Terminated with an error exit status 127 #78

Closed Siddra2021 closed 1 year ago

Siddra2021 commented 1 year ago

Describe the bug Testing Phoenix install using the following command

nextflow run ~/phoenix/main.nf -profile test, docker -entry PHOENIX --kraken2db ~/phoenix/assets/databases

Impact

It ends with the following error: Caused by: Process PHOENIX:PHOENIX_EXTERNAL:AMRFINDERPLUS_UPDATE (update) terminated with an error exit status (127) Please see the screenshot

To Reproduce local linux environment

Phoenix version 1.0.0 nextflow run ~/phoenix/main.nf -profile test, docker -entry PHOENIX --kraken2db ~/phoenix/assets/databases Using the files provided with the installation directions

Expected behavior The pipeline should run successfully

Screenshots Attached

jvhagey commented 1 year ago

@Siddra2021 remember to crop your screenshots to not show the user@computer line and block out the full paths. To issues I see with the run command are that you need to remove the space between "test" and "docker" so it needs to be -profile test,docker NOT -profile test, docker. Next make sure you have the trailing / at the end of the --kraken2db argument so it should be --kraken2db ~/phoenix/assets/databases/

Siddra2021 commented 1 year ago

Thank you for your prompt response. Fixed the issues in command line and now have the following error. Please see the screenshot. Screenshot (14)
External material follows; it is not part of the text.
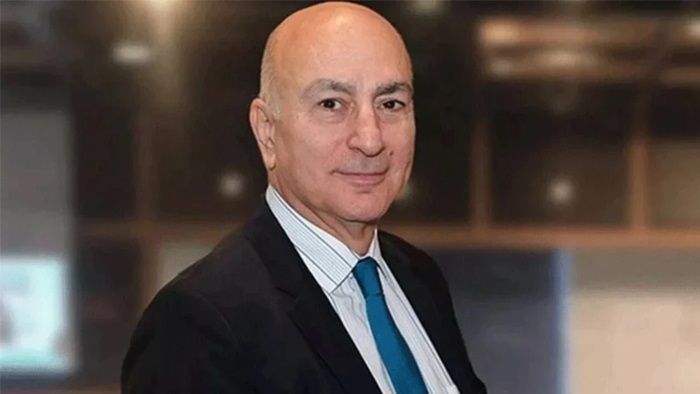 Mahfi Eğilmez’den liyakat çıkışı! “Siyaset her işe karışmamalı”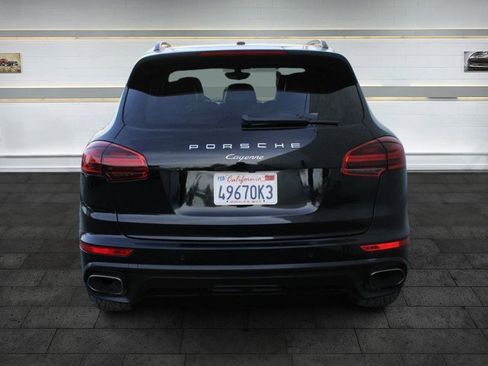 Used 2018 Porsche Cayenne Platinum Edition image 6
jvhagey commented 1 year ago

@Siddra2021 unfortunately this is also a memory issue with docker and not the phoenix pipeline itself (google docker exit code 137). My first guess here is that the container is using more memory that is available so it gets killed. By default, Docker containers use the available memory in the host machine. You can prevent a single container from abusing the host resources, by setting memory limits per container. I am not sure how your docker is set up (desktop on PC or CLI?), but you are going to have to work with your IT to get your docker configured to keep the containers from using up all the memory. For kraken you need 10GB of memory and you can point your IT to the file linked to see specific memory requirements for each step.

Siddra2021 commented 1 year ago

Thanks for the feedback. I am using docker desktop and have allocated 15 GB to docker. Any advice on limiting the containers to use all the memory?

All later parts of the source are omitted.